Језичка лабораторија



The goal of the Language laboratory is creating and improving a grammatical dictionary of the Serbian language in electronic form and publishing it under a free license. The dictionary can further be used as a basis for development of other projects (spell checkers, text analyzers, automatic translators, grammar checkers, and similar advanced tools).

The Dictionary

The dictionary is the list of the words that are processed on the project. For each word it is possible to see all the forms entered, and for each form the number of statements and their weight. The number of statements is simply the number of users who have entered the same form for the same assertion. The weight is their overall weight - there is a possibility for some users to have more weight than others (for example, that their entry is as "heavy" as two entries of someone else), but this was only used in early days of the dictionary when there were very few users.

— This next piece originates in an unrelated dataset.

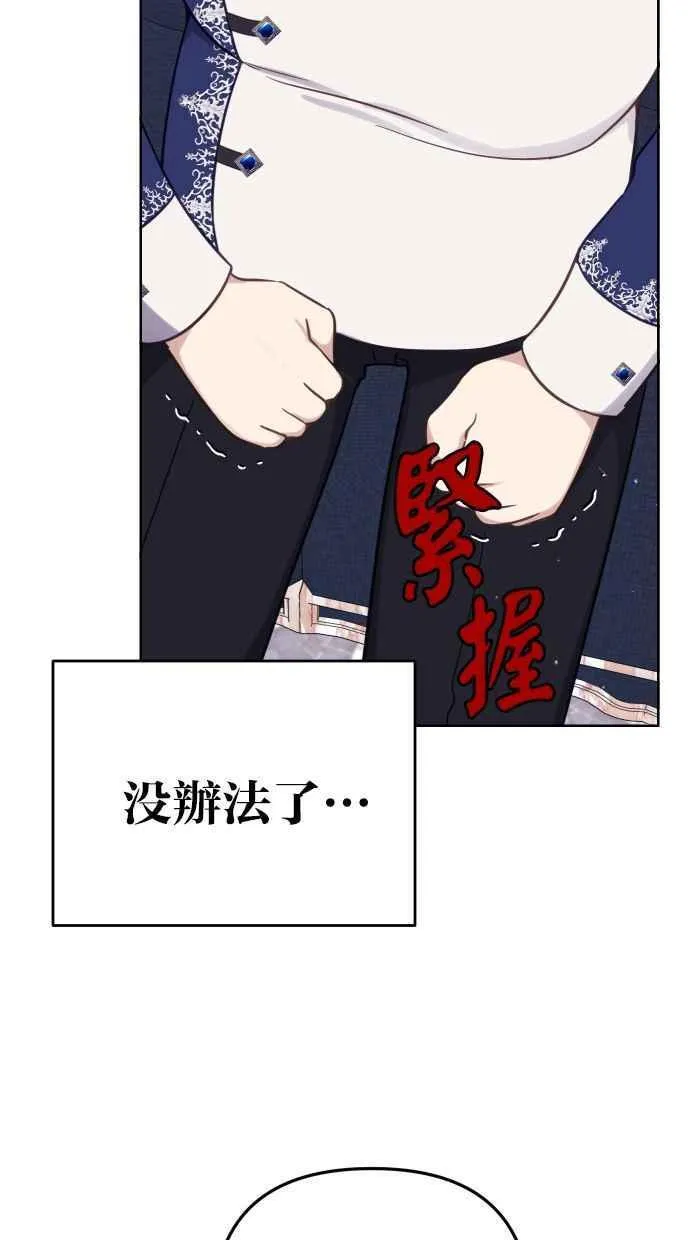 第48话 第53页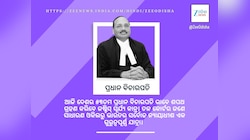 ଜଣେ ସାଧାରଣ ଓକିଲରୁ ଭାରତର ସର୍ବୋଚ୍ଚ ନ୍ୟାୟାଧୀଶ: ଆଜି ପ୍ରଧାନ ବିଚାରପତି ଭାବେ ଶପଥ ନେବେ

We have found that users make less than 1% of errors; to be safe, we round it up to 1%. This means that, if an assertion has one statement, it can be considered that the probability of its accuracy is 99%; for two identical statements, 99.99%; for three identical statements, 99.9999%, which we consider to be a satisfactory accuracy for practical use (one error per million). This, of course, applies to random typing errors and similar, and not to systematic errors that may arise due to differences in grammatical feelings of different users.

The dictionary can also be downloaded in XML or MULTEXT-East format for further processing, with the same content. XML and MULTEXT-East dictionaries contain only statements with a weight of 3 or more, while the raw XML dictionary contains all the statements.